In: Accounting
A partnership was approached by a corporation that would like to acquire them by a stock acquisition. The partnership has no authorized stock, and the corporation does not want to pay cash for the partnership. The partnership is valued at $4,000,000 today. Reading the partnership agreement, you find that the partnership can be terminated at any time with the consent of the partners. They do not want to dissolve the partnership. The corporation very much wants to purchase the partnership. In your expansive knowledge of accounting, what would you suggest the partnership do, as well as the corporation to make this consolidation happen? The only solution involves consolidating the partnership and the corporation. How would you, the accountant, resolve this issue?
A partnership can be acquired by a corporation,but then it cease to be a partnership.
The following may be ensured before acquiring the partnership firm by the corporation :
(1) Check whether MOA of the company empowered it or not.
(2) Consent of all partners obtained or not.
(3) All statutory due of the partnership have been disbursed or not.
(4) Proper valuation of the partnership done or not.
(5) Appropriate resolution for the sake has been passed or not.
(6) Consent of the creditors has been taken or not.
(7) How adjustment of assets and liabilities of the partnership to be adjusted.
(8) How partner's account/settlement disbursed.

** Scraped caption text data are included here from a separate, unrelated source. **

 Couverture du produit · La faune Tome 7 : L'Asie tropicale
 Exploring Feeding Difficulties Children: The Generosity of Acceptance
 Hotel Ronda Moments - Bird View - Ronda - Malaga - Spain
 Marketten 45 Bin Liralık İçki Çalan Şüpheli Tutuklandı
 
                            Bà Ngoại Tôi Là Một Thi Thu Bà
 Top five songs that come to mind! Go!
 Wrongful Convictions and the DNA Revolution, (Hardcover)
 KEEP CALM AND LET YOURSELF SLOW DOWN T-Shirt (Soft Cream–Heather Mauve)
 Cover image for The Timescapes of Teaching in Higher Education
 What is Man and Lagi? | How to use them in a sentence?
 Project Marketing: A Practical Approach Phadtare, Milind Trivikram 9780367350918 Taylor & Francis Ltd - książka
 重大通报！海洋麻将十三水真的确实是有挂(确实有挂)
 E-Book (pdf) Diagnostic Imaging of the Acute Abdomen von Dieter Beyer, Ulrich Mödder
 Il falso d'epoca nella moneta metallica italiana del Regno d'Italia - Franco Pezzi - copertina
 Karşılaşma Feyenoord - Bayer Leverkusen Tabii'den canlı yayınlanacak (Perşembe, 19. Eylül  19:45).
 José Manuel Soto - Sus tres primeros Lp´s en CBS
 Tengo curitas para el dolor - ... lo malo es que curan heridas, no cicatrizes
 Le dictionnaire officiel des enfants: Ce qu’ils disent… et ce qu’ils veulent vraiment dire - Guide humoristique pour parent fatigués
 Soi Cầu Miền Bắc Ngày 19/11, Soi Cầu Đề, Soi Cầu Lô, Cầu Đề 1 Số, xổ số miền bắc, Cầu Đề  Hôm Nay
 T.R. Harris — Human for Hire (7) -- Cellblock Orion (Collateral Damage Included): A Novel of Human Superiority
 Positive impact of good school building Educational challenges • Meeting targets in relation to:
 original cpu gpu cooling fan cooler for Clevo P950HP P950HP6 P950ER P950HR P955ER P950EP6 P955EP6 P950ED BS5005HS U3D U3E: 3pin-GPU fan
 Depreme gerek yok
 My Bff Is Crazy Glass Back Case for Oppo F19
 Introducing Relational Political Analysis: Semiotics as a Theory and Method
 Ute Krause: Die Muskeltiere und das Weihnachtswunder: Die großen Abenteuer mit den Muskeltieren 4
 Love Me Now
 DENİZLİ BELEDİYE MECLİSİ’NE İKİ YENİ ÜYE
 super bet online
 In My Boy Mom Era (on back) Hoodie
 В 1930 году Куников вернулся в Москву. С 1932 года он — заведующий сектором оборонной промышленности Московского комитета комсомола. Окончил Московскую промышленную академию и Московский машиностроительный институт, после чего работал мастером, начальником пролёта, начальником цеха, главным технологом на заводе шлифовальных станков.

If the partnership concern is taken over by the corporation as a going concern with all it's assets and liabilities, the existing partners should hold more than 50% of the voting shares of the new company in the same ratio as per their shares in the partnership firm. There should not be any sale or transfer of these shares in the next 5 years. There should not be any dilution of the percentage of these shares in the next 5 years.